In Rebecca's neighborhood, 64% of the houses have garages and 49% have a garage and a pool. What is the probability (in percent) that a house in her neighborhood has a pool, given that it has a garage? Round your answer to 1 decimal place.​

Answer 1

Let P(A) be the probability of a house having a garage and P(B) be the probability of a house having a pool. We are given that P(A) = 64% and P(A ∩ B) = 49%. We want to find P(B|A), the probability of a house having a pool given that it has a garage.

Using Bayes' theorem, we have:

P(B|A) = P(A ∩ B) / P(A)

Substituting the values we have:

P(B|A) = 49% / 64% = 0.7656

Rounding to 1 decimal place, we get:

P(B|A) = 76.6% (rounded to 1 decimal place)

Answer 2

To solve this problem, we can use conditional probability.
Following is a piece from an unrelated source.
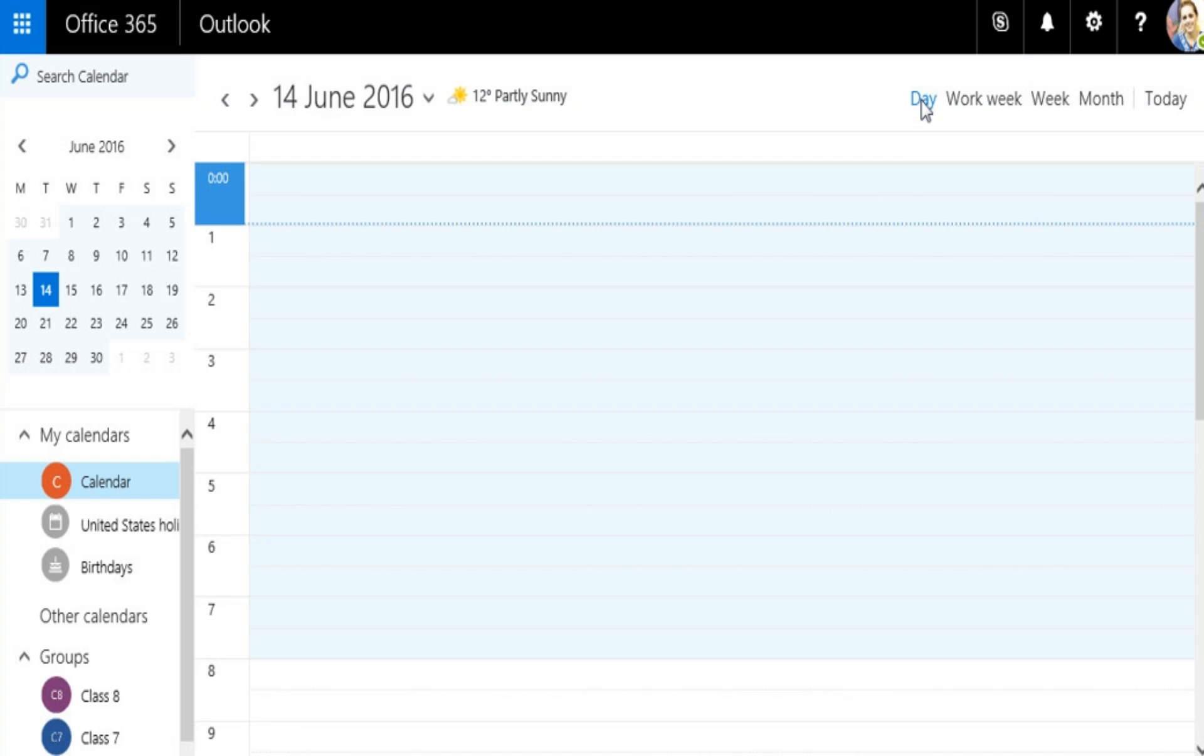The day view is most useful if you have a very busy schedule or if you want to view multiple schedules side by side.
Let's denote the event that a house has a garage by G, and the event that a house has a pool by P. We are given that P(G) = 0.64 (i.e., 64% of the houses have garages) and P(G and P) = 0.49 (i.e., 49% of the houses have both a garage and a pool).

The conditional probability that a house has a pool, given that it has a garage, can be calculated using the formula:

P(P|G) = P(G and P) / P(G)

Substituting the given probabilities, we get:

P(P|G) = 0.49 / 0.64 = 0.7656

Multiplying by 100 to convert to a percentage and rounding to 1 decimal place, we get:

P(P|G) = 76.6%

So the probability (in percent) that a house in Rebecca's neighborhood has a pool, given that it has a garage, is 76.6%.